(Assignment): Your answer must be only the lines below from the one containing "Saint-Chamassy House |" through the one containing "Hornby - Dublo", copied exactly, with the pictures left out.

(Dataset extract):
====
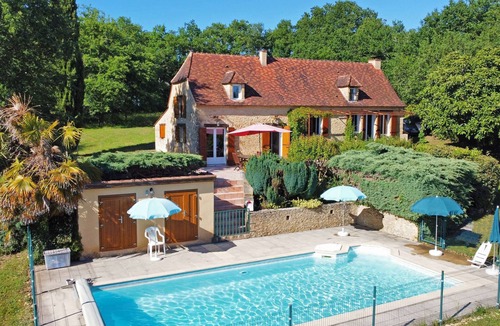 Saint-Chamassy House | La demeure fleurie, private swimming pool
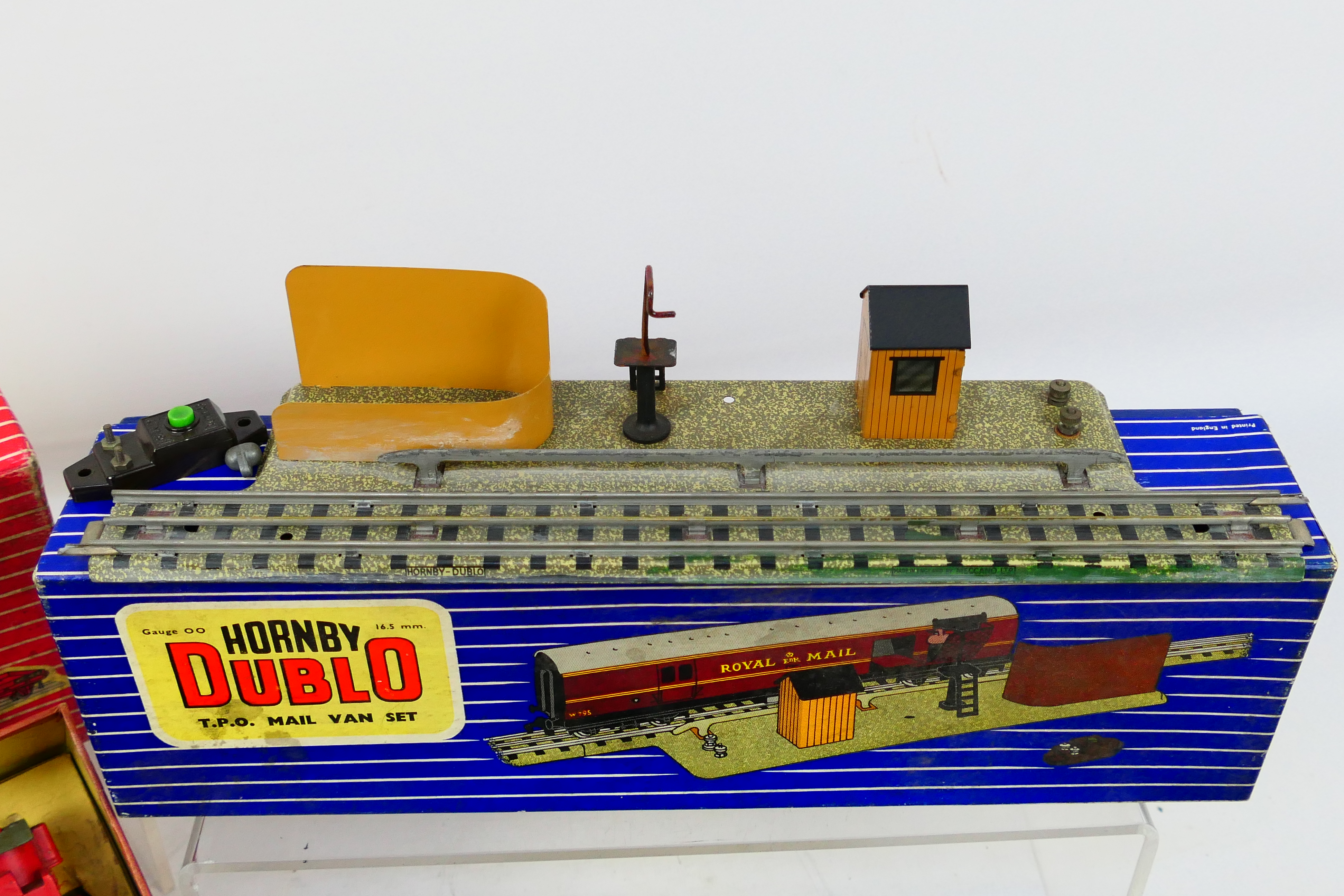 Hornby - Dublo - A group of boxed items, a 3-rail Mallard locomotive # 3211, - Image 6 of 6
====
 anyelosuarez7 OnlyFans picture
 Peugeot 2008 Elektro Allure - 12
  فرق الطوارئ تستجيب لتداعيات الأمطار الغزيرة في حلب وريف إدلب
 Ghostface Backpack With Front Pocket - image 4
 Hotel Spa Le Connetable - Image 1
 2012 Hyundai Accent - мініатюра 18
====
(Exercise answer):
 Saint-Chamassy House | La demeure fleurie, private swimming pool
 Hornby - Dublo - A group of boxed items, a 3-rail Mallard locomotive # 3211, - Image 6 of 6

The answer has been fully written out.